To be embodied means much more than simply ‘to have a body’. Surprisingly, it means more even than ‘to be a body’.
To be embodied is to be in an active relation to a world.
Consider a garden. It is one environment – one kind of world – to the gardener, but a very different environment to an earthworm, and different again to an urban fox, or a snail, or a song thrush. There are two reasons for this. Firstly, different creatures have different sensory capabilities, so they experience the garden differently. Secondly, different creatures have different goals, so they use the garden differently.

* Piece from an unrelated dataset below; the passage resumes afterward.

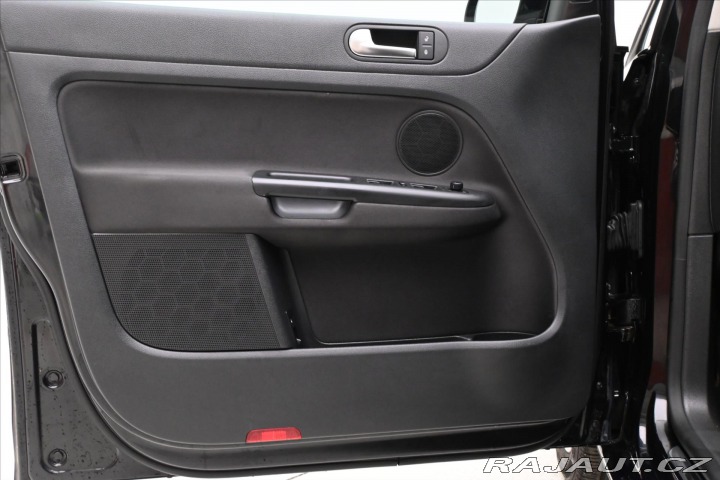 Volkswagen Golf Plus 1,4 TSI 90kW Life Nová ST 2013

When I say that our embodiment is a form of active relation to a world, I am not just referring to the way an embodied creature uses different features or elements of an environment to pursue its goals. I am also referring to the way the creature’s senses actively create the world it lives in. Of course, these senses do not create this world ‘out of nothing’. The senses of a particular creature create a real world – the real world of and for that creature – out of an underlying set of possibilities given by a reality that lies beyond any particular creature’s sensory system. As Martin Stevens, a specialist on sensory ecology, puts it:
[E]ven organisms living in the same place, at the same time, inhabit different worlds: they live in different sensory environments, bounded by the properties of their sensory organs. For example, a bee using colour vision to search for flowers may be right next to a snake waiting to detect the infrared cues of its prey or an ant following chemical pheromone trails to food…. Animals can be almost touching in space but be worlds apart in perceptual terms.[1]
What we might say, then, is that evolution has given rise not just to different types of senses and thus different sensory systems, but that, in this very way, it has also given rise to different worlds.
The other side to this coin is that all sensory systems are limited. Our human sensory system is limited in two ways. In the first place, the types of senses we have are unresponsive to at least some of the information that is ‘out there’. Some animals, such as bats or elephants, can hear sounds that we can’t – bats can hear higher frequencies and elephants can hear lower frequencies than we can. Many animals detect ultraviolet light and thus see colours that we don’t see. In the second place, there are kinds of senses that we just don’t have. We do not have an electric sense, for example, or a magnetic sense – but some other animals do. Nonetheless, although it is limited, our human sensory system is also complete. This claim has two levels of significance. The first is functional: our sensory system does its job. Put differently, it is ‘sufficient unto our needs’. The second level of significance is – for want of a better word – ‘aesthetic’. There is, after all, a hugely rich variety of sensory, or sensual, experience available to us. The garden to the gardener comprises so many subtly differentiated hues of green, so many delicate flower scents, the different feels of dry or sodden earth or the sharp prick of thorns… to only begin to suggest the richness of possible experience it offers.
It is precisely because our sensory system is ‘complete’ in this sense that it can be said to create a world for us.
And this world, being a world, is always in excess of what we need of it in order to pursue our goals within it. This, I think, at least partly explains the delight of being alive.
[1] Martin Stevens, Sensory Ecology, Behaviour, & Evolution, Oxford University Press, 2013, 3-4.